客などが理不尽な要求をするカスタマーハラスメント、通称「カスハラ」の問題をめぐり、静岡県長泉町の議会で10月27日、「カスハラ防止条例」が可決されました。静岡県内の市町では初めての制定で、2026年4月1日から施行されます。

<東部総局 竹川知佳記者>
「接客の在り方が変化しつつあります。長泉町ではきょう、安心して働くための新たな条例が制定されました」

「本案は委員長の報告通り、決することに賛成または反対のボタンを押してください。確定します。賛成全員です。よって、議案第一号は委員長の報告通り可決されました」

2025年10月27日、長泉町議会で可決されたのは「カスタマーハラスメント防止条例」です。

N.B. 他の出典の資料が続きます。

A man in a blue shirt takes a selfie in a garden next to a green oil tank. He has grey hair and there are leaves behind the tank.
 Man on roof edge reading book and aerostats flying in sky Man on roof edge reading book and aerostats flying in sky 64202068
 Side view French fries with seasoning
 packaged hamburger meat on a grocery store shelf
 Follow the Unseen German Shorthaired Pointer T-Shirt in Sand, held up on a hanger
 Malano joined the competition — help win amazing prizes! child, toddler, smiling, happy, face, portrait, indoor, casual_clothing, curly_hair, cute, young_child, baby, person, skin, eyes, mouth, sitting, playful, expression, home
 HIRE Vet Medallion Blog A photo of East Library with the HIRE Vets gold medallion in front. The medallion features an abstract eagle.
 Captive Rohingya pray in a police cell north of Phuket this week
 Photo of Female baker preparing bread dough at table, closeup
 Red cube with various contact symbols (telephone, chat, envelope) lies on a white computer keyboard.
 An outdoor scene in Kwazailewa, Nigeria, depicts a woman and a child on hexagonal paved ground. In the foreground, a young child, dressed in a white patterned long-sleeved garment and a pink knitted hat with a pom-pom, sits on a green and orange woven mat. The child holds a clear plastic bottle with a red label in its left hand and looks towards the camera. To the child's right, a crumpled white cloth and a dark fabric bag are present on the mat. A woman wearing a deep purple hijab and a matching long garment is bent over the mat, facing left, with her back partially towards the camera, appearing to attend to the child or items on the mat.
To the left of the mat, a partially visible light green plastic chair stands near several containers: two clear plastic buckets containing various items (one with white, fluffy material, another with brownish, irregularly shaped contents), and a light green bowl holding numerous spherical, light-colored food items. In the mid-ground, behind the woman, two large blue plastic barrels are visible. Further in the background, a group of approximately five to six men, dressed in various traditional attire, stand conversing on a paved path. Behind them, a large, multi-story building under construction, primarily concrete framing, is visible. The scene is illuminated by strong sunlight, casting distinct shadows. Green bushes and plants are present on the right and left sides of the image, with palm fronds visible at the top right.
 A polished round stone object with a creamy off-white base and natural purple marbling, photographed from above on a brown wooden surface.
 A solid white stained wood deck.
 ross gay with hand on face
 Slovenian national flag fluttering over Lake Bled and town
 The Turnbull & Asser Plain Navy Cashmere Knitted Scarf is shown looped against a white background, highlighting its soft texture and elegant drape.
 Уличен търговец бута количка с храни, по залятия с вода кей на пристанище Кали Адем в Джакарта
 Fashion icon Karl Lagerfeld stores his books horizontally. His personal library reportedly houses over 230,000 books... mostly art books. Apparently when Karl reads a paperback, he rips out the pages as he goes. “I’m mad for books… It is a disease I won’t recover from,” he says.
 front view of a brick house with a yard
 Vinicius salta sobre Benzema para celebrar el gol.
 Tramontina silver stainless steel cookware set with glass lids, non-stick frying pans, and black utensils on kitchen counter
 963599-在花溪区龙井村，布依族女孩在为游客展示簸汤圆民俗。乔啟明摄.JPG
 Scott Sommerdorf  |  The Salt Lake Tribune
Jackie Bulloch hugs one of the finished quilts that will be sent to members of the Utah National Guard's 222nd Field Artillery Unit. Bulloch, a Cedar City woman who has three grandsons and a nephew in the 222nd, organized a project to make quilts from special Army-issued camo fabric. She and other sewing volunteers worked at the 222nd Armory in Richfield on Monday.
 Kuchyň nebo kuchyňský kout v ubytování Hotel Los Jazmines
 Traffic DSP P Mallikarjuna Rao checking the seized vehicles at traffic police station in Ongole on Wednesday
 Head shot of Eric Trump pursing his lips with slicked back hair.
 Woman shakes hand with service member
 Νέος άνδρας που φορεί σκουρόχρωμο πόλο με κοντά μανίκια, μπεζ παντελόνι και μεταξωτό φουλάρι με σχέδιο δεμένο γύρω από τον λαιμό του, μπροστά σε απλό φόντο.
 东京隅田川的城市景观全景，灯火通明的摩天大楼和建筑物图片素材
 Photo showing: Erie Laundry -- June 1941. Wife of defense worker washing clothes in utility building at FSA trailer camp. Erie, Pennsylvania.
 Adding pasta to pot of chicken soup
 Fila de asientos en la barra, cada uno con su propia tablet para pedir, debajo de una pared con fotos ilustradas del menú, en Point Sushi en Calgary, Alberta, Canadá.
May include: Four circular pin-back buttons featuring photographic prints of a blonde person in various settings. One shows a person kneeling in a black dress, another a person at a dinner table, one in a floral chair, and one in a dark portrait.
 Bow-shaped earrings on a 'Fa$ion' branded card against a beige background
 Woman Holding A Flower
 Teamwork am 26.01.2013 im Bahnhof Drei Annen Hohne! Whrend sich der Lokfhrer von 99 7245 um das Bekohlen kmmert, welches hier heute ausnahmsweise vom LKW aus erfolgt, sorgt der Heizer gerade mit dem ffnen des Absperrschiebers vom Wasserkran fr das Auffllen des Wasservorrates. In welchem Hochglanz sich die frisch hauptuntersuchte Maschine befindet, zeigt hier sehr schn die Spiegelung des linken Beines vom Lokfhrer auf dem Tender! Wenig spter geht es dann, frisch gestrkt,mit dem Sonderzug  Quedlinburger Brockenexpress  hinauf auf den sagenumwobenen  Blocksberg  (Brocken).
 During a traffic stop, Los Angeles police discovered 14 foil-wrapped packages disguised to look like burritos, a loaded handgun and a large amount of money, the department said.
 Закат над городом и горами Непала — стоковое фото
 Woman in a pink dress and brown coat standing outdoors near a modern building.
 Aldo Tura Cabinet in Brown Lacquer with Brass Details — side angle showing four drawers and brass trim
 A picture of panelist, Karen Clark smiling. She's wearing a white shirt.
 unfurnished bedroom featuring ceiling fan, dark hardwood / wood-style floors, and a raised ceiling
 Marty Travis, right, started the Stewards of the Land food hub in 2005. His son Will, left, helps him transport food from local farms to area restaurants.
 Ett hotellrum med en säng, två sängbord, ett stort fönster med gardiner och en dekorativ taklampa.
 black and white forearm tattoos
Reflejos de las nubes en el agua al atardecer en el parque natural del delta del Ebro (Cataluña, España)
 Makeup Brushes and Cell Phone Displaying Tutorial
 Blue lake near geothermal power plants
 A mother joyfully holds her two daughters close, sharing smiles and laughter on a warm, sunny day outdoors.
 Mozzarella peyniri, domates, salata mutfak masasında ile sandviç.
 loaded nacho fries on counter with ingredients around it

カスタマーハラスメント通称「カスハラ」は、客が不適切な言動や過剰な要求をして企業やその従業員に対し精神的・身体的に苦痛を与える迷惑行為です。

「税金で食ってるくせに、生意気な」
「お前たちの時間を奪ってやったぜ、きょうは残業だな」
※実際に長泉町役場であったカスハラの例

長泉町が2025年度に職員を対象に行った調査では、住民福祉や教育委員会など16の部門でカスハラが確認され、中には2時間以上の対応を強いられる場合もありました。ただ、条例の目的はあくまでもカスハラを絶対に許さない環境を作るためで、罰則はありません

また、町の職員だけでなく町内の店や会社などすべての事業者が対象です。

<長泉町 池田修町長>
「『あなたの行為、アウトですよ、行き過ぎですよ』というのをみんなが言いやすくなるように今回、制定しました。罰則をするような行き過ぎた行為は今の法律制度の中でも対応できると思いますので、うちの条例では理念的な条例ということでスタートしたい」

「カスハラ防止条例」は2025年4月から東京都や北海道などで施行されていますが、全国でもまだ少ない条例です。

自治体によっては加害者の氏名を公表するところもありますが、長泉町の条例はあくまでカスハラを巡る意識を変えようという「理念」を示した条例で、罰則は設けていません。

静岡県でも同様の条例がすでに可決されており、長泉町と同じく2026年4月1日から施行される予定となっています。